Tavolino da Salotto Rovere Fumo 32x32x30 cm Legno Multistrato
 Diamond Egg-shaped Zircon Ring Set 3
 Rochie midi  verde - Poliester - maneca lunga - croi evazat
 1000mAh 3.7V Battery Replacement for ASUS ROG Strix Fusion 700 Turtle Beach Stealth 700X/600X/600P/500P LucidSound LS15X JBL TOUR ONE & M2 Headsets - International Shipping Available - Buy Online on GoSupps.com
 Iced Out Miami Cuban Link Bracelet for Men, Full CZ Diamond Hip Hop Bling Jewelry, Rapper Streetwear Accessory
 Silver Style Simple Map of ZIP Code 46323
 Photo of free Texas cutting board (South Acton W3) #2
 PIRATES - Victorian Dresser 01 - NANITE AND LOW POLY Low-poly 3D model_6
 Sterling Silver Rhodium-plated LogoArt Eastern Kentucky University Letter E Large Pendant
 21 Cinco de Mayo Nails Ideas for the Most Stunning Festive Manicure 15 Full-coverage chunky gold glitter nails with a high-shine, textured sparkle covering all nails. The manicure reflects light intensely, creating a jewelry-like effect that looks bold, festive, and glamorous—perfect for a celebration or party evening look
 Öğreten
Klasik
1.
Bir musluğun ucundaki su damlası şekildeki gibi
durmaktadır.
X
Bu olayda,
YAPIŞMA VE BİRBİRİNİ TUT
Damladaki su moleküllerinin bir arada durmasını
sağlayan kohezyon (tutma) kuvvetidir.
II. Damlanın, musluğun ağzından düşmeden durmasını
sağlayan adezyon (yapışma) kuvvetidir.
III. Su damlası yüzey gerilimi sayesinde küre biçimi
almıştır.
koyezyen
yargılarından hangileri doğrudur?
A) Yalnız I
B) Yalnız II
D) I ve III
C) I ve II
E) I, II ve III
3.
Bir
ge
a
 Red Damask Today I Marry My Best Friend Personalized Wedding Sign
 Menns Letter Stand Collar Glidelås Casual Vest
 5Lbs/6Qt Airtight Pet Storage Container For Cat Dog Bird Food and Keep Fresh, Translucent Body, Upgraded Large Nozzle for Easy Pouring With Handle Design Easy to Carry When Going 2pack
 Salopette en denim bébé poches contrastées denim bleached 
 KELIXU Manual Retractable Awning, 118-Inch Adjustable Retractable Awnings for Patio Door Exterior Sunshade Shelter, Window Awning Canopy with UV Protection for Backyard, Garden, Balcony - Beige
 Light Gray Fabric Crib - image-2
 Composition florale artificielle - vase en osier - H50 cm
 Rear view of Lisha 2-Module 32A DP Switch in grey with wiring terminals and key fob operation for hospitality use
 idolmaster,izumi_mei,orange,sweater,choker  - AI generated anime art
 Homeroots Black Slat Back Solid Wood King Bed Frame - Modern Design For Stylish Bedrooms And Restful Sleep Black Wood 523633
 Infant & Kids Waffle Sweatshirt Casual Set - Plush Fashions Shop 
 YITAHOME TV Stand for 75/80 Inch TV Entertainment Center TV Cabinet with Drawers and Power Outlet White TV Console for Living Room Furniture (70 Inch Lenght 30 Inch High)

┄┄┄┄┄┄

## Activity
Give the lines of the material above again, exactly, from its first line through the line that contains "Sterling Silver Rhodium-plated" and no further.

## Exercise output
Tavolino da Salotto Rovere Fumo 32x32x30 cm Legno Multistrato
 Diamond Egg-shaped Zircon Ring Set 3
 Rochie midi  verde - Poliester - maneca lunga - croi evazat
 1000mAh 3.7V Battery Replacement for ASUS ROG Strix Fusion 700 Turtle Beach Stealth 700X/600X/600P/500P LucidSound LS15X JBL TOUR ONE & M2 Headsets - International Shipping Available - Buy Online on GoSupps.com
 Iced Out Miami Cuban Link Bracelet for Men, Full CZ Diamond Hip Hop Bling Jewelry, Rapper Streetwear Accessory
 Silver Style Simple Map of ZIP Code 46323
 Photo of free Texas cutting board (South Acton W3) #2
 PIRATES - Victorian Dresser 01 - NANITE AND LOW POLY Low-poly 3D model_6
 Sterling Silver Rhodium-plated LogoArt Eastern Kentucky University Letter E Large Pendant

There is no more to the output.